Arati Basu was taken to the BJ Block camp by her son for her third dose, although the son himself was yet to get his. “My wife and I are both eligible but we aren’t getting time. I know we’re being negligent and will get it soon,” said Arnab Basu of BJ Block.

Nandita Majumdar got her third dose on Tuesday, some two months after becoming eligible for it. “I had a cataract operation in the middle and then kept putting the vaccine off,” said the BK Block resident. Her son and daughter-in-law have been receiving reminders on the Cowin app to get their third dose too but have not managed to yet. 
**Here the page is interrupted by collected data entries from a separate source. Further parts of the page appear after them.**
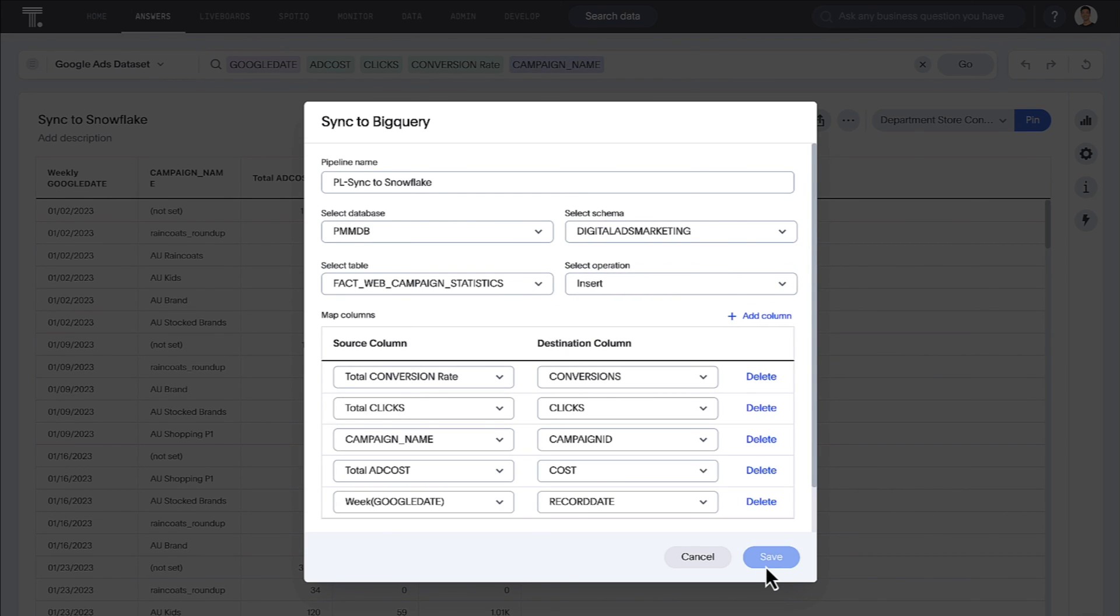That's ThoughtSpot Analytics' latest release. Limitlessly search all of your cloud data for actionable insights with the only AI-powered analytics platform built for the modern data stack.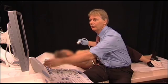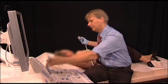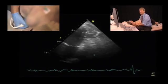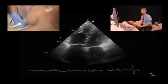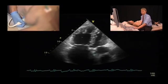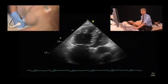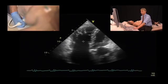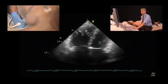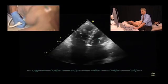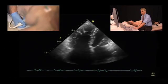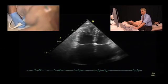If we go to the apical views, the four-chamber view, we see a dilated right ventricle, especially when you compare it to the left ventricle. We also have right ventricle hypertrophy here.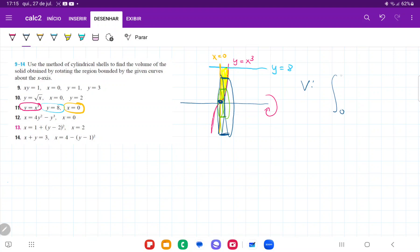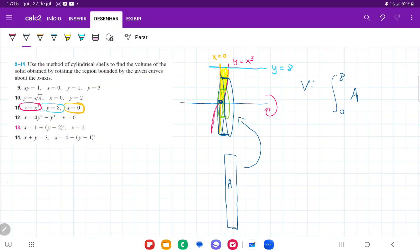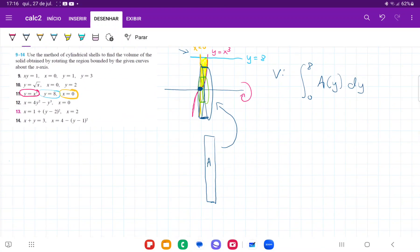The volume is the sum from zero to eight of these areas — think of them as infinitely thin sheets of paper that get wrapped around the x-axis, like the cylinder unwrapped. We're summing them up as a function of y, because we're summing from y equals zero all the way up to y equals eight. The further up we go on the y-axis, the wider our cylinder gets, so this area is a function of y. All that's left is to express this area in terms of y.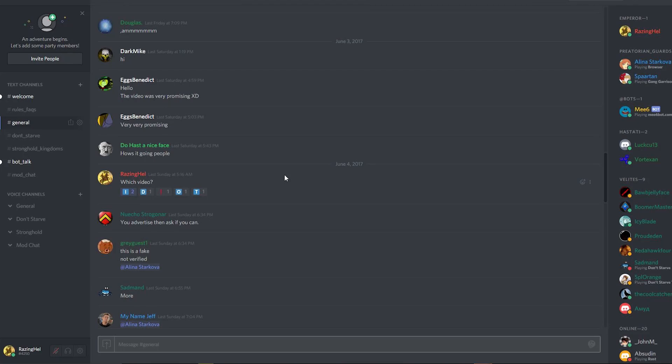How is it going everybody? Raising Hill here, and today I'm going to be showing you how to remove reactions to posts made in a server that you control or have adequate permissions to moderate.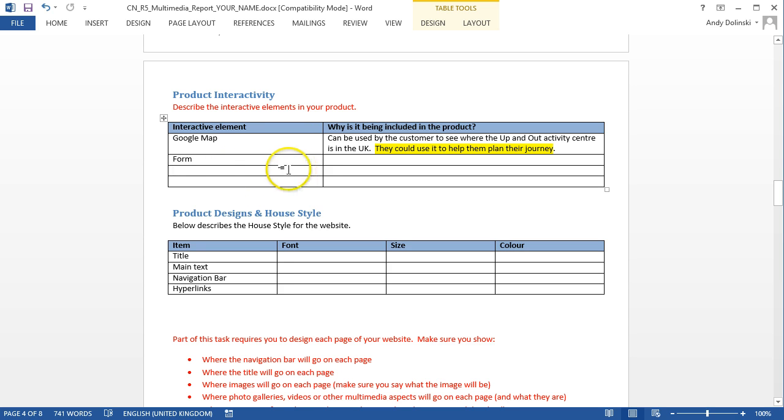You just need to select which interactive elements you want and justify why they are there. And that's it.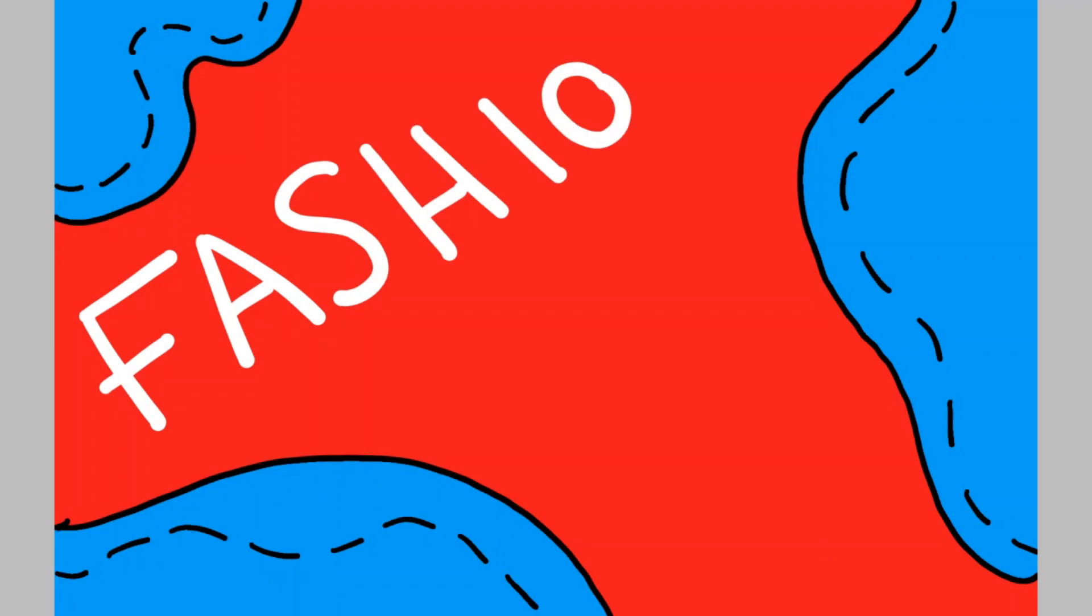Instead, her passions were in design, leading her to become a senior research fellow at Central St. Martin's, the world's leading school of fashion.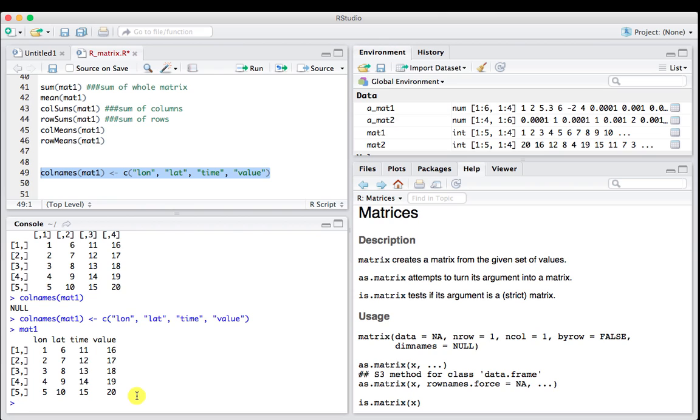That, in a nutshell, is matrices. What we're going to do next is a little tiny plotting tutorial.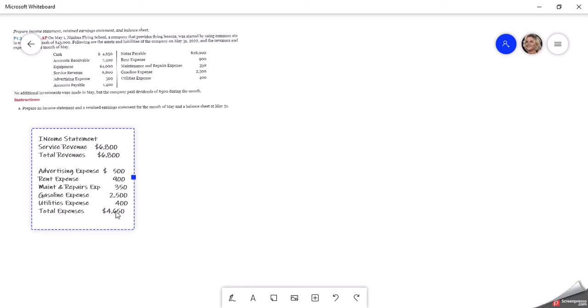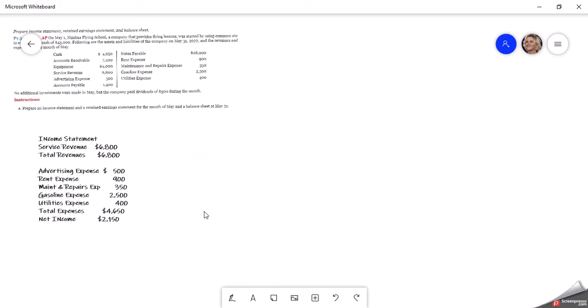Now we take our total revenues and subtract those total expenses to arrive at net income. In this case our revenues are more than our expenses, so six thousand eight hundred dollars minus four thousand six hundred and fifty dollars gives us two thousand one hundred and fifty dollars in net income.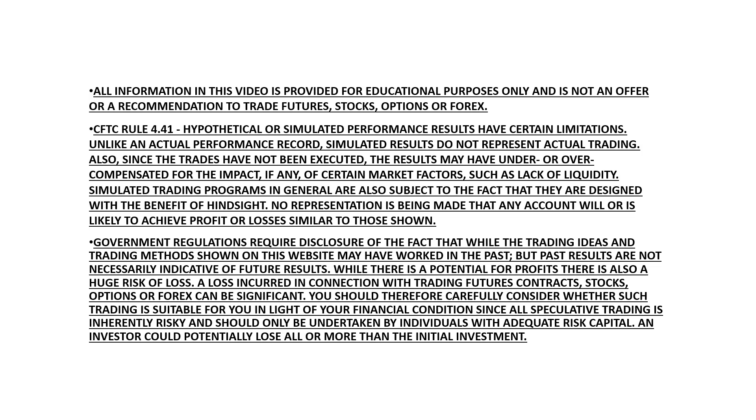As a reminder, trading carries significant risk, and all information in this video is provided for educational purposes only and does not offer a recommendation to trade futures, stocks, options, or forex.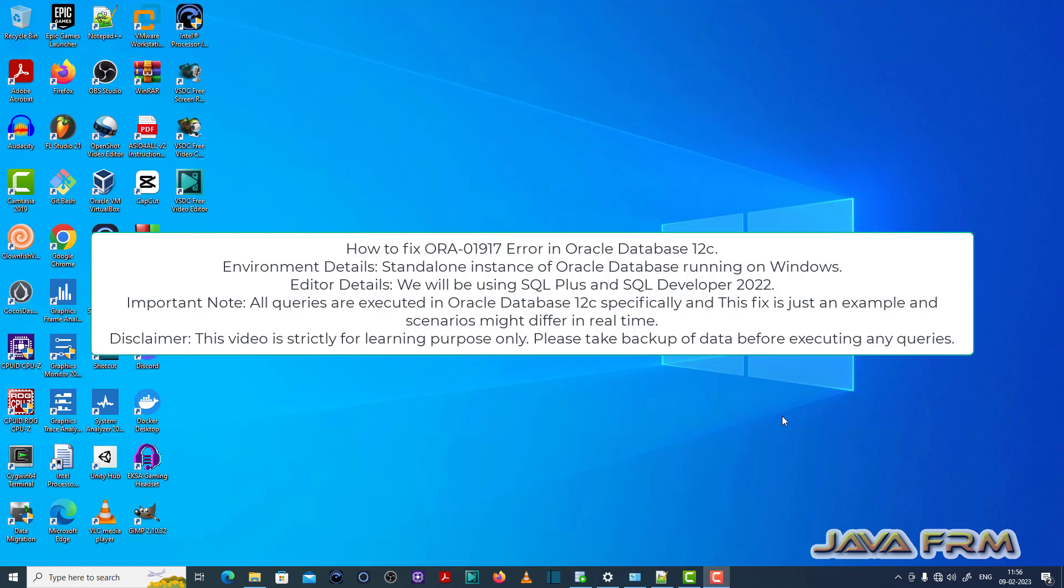Welcome to Java Forum. Now I am going to show you how to fix ORA01917 error in Oracle Database 12c.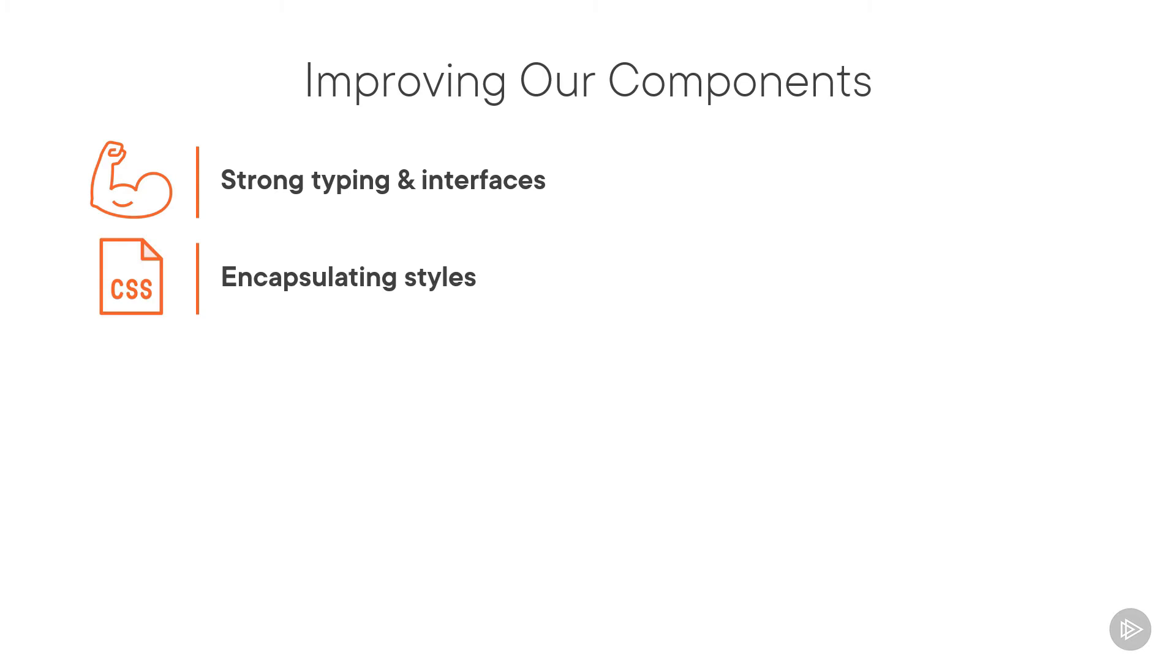If a component needs special styles, we can encapsulate those styles within the component to ensure they don't leak out to any other component in the application.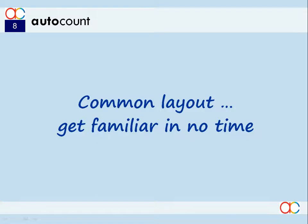When working with AutoCal Accounting, you will realize most transaction and document screen layouts are similar and you will get familiarized in no time.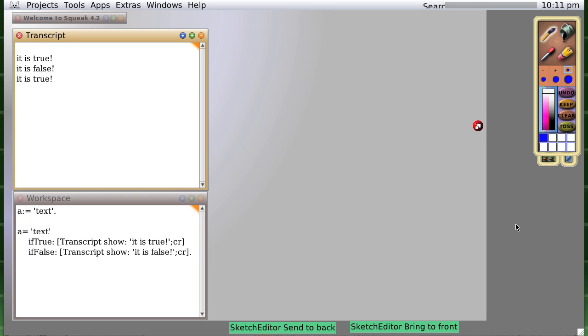Okay, in my last video I probably wasn't clear about something. I said 'a colon equals text' and I said 'a equals text'...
There was also Subho Acharya, a college student from AK Block, getting his first dose. “I got Covid twice so the vaccination kept getting pushed back. I finally became eligible in May but since the Covid count was low I got complacent. But better late than never,” he said. 

Then there are anti-vaxxers, who have neither got nor will get a single dose. “The entire Covid circus has been the creation of pharmaceutical companies. It’s tragic that people have died — I myself have lost loved ones — but vaccines will not protect us. Fear psychosis reduces immunity and that’s what is killing people,” said a 20-something man from Sector I. His entire family of four has decided not to get jabbed. “There should be a choice about vaccines and we are confident about exercising ours.” 

(Additional reporting by Sudeshna Banerjee)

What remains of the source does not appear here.